Ireland

 

Ireland seems beyond the reach of winter’s icy grip in this true-color Moderate Resolution Imaging Spectroradiometer (MODIS) image from January 4, 2003. The rugged cliffs that mark the island’s west coast are showing their red-brown rocky surface, but the low-lying interior region is still wearing the island’s signature green.

Ireland is essentially a depression ringed by relatively low mountains. The highest elevation in Ireland is Carrantuohill, located in the rugged terrain of the southwest tip. The bowl-like shape creates the network of lakes scattered across the island, and over time has produced peat bogs, which provide a source of fuel on the island, which is covered mostly by pasture and meadows.

Ireland’s largest city, Dublin, makes a purplish-gray patch peeking out from the clouds about halfway down the east coast. Belfast is more clearly visible on the coast in the northeast, due east of large Lake Neagh. One Ireland’s few other large cities, Cork, is located at the mouth of the Lee River, at the mid-point of the southern shoreline.

Surrounded by water, Ireland has the Atlantic Ocean to its west, the Celtic Sea to the south, and the Irish Sea separating it from England to the east. In the middle of the Irish Sea lies the Isle of Man. Ireland benefits from the moderating influence that large bodies of water have on regional climates. Its winters are cool—but not freezing—and damp, and summertime temperatures rarely exceed 70 degrees Fahrenheit. These moderate temperatures are the result of warmer ocean water being brought up into the North Atlantic by the Gulf Stream, and its extension, the North Atlantic Drift.

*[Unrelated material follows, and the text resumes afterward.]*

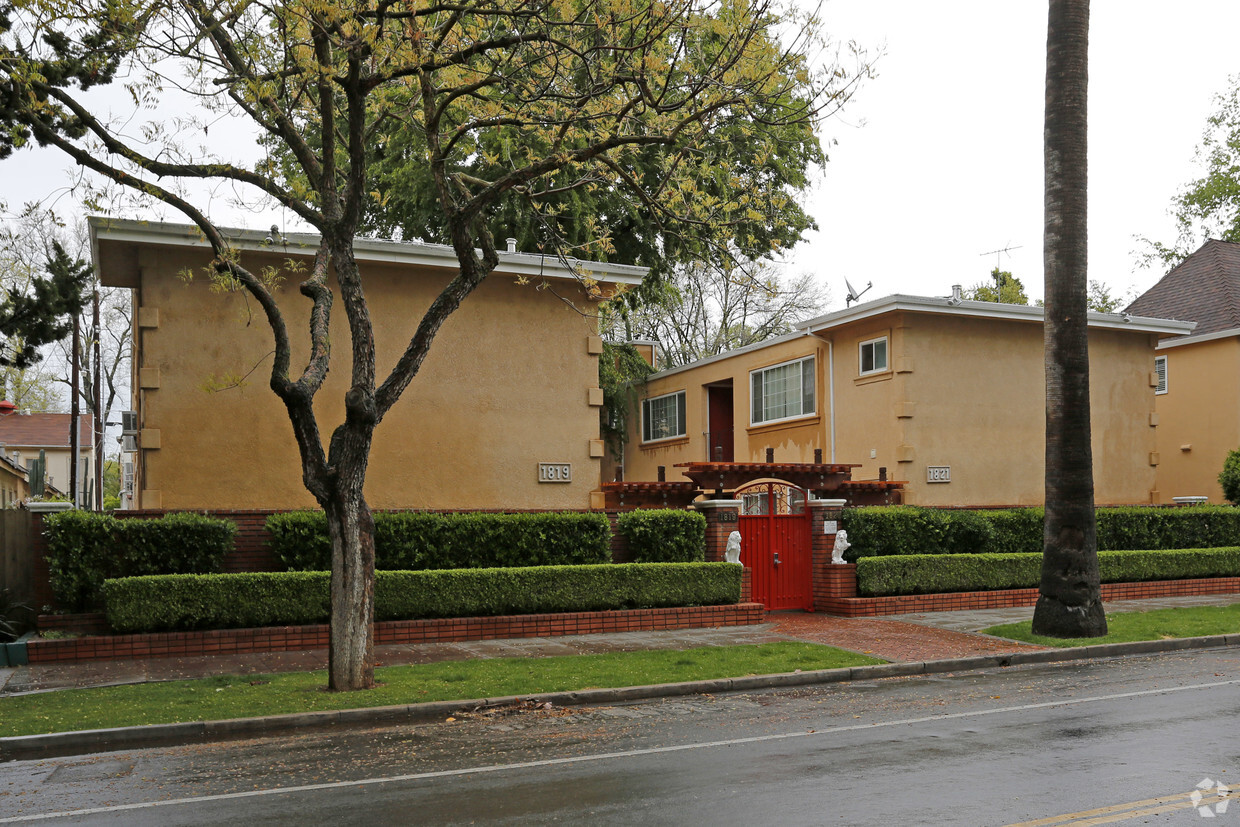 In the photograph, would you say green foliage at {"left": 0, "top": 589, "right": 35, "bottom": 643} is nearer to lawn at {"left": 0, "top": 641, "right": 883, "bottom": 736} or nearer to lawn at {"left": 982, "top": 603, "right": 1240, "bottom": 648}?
lawn at {"left": 0, "top": 641, "right": 883, "bottom": 736}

The island has a rugged, almost scraped appearance caused by glaciers advancing and retreating over the island during the last ice age. Ireland is part of the same land mass as continental Europe, and the Stone Age settlers who first came to the island between 6,000 and 8,000 years ago probably walked over on dry land—a land bridge similar to the one that allowed settlers to cross the Bering Strait from Siberia into Alaska. The land bridge formed as the moisture from the Earth’s oceans evaporated, fell as snow, and became locked up in massive ice sheets. Sea levels dropped, exposing land bridges.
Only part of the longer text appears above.